There are 7 comments at the moment, we would love to hear your opinion too.

  1. “Liversidge says this issue could be resolved if the regulator had one template on costs that all advisers had to use, regardless of the size of the firm”.

    The regulator did exactly that – the Services and Costs Disclosure Document. The problem was the same as the templates from compliance service providers – poor completion in some cases

    • What I’m asking for is a template that includes the vertically integrated firms, comparison sites, insurance company direct sellers et al. Let’s have everyone playing by the same rules, no smoke and mirrors and/or recognition and acceptance of ‘unique’ charging structures. Correct me if I’m wrong Rory but I don’t think the SCDD did that, did it? I once had the headmistress of a private girls’ school tell me “I use Hargreaves Lansdown because they’re free” to which my reply was “So that’s how Peter Hargreaves got in the Sunday Times rich list?” followed by “I’m sure glad I didn’t waste my money sending my daughters to your school.” Likewise, I’ve met no end of people who think SJP gives free advice. FCA fail there I think, Rory.

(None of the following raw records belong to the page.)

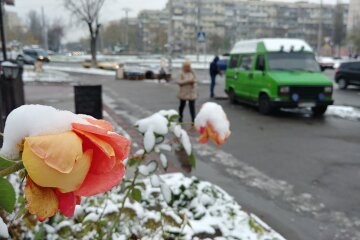 погода снег осень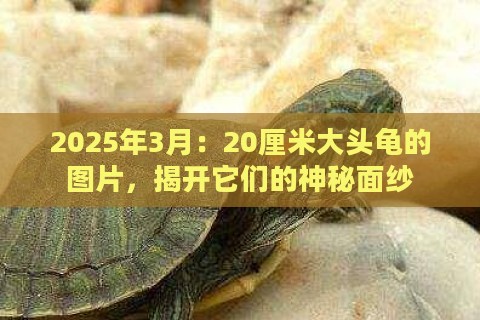 2025年3月:20厘米大头龟的图片,揭开它们的神秘面纱 2025年3月:20厘米大头龟的图片,揭开它们的神秘面纱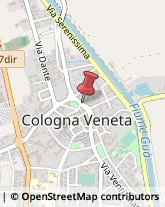 Via Cavour, 60,37044Cologna Veneta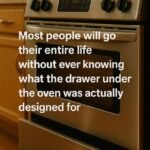The Secret Kitchen Compartment Most People Never Use — And What It Was Actually Made For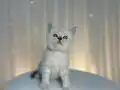 IRK VE SAĞLIK GARANTİLİ BRİTİSH YAVRULARIMIZ 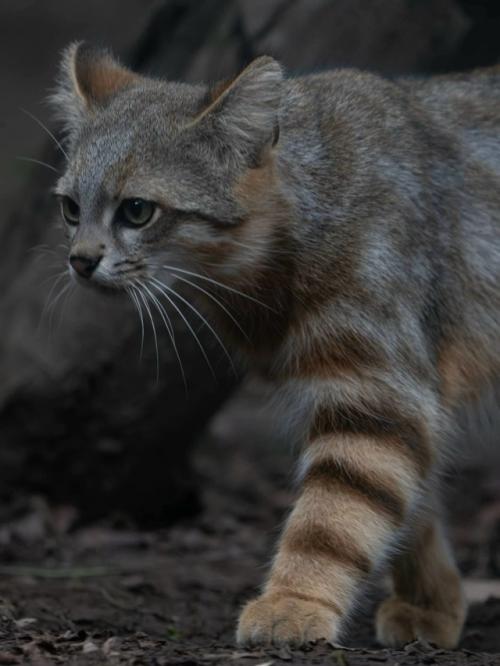 Колоколо, или пампасная кошка (Leopardus Colocolo), - одна из самых редких и малоизученных диких кошек южной Америки. 01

      • An SCDD is absolutely not a client specific charging document Rory, it is a generic company document with many assumptions contained therein. I believe Nick Bamford brought the ‘letter of engagement’ subject up recently (a letter which IS client and more charge specific) and suggested this was an area where an exchange of ideas would be useful, in absence of a template from on high; it largely feel on deaf ears unfortunately, as I fear will Neil’s suggestion.

  2. Hiding behind the Advice Industry, the Compliances Industry, (and I say Industry), rather than it being an integral part of the Advice Process’s has been diametrically opposed to the Complaints Industry. Both are incestuous due to the combative nature of the litigious environment we find ourselves in. The very nature of both Compliance and Complaints, coupled by the ever increasing Professional Insurance requirements will force the Advice Process down a quantitative track, Networks rely upon the “Add Hock” File review, so they are expecting certain facts and template paragraphs to be contained within a standard Recommendation letter. Its either that or every single letter should be unique and would require individual consideration by compliance. Therefore we should consider Pre Sales Para Planning more important than post sales compliance, get this right and the Compliance Industry will wither on the vine, which in turn should eradicate the Complaints industry, or at least make both financially unviable.

  3. I’d go beyond Neil’s recommendation of regulatory approved fee disclosure and incorporate regulatory approved ‘status’ disclosure too – remove the subjectivity of statements like ‘whole of market restricted’ and stick with regulatory defined definitions.

    Get the client to sign the document and bingo – a clear record that the client understands the cost and nature of advice.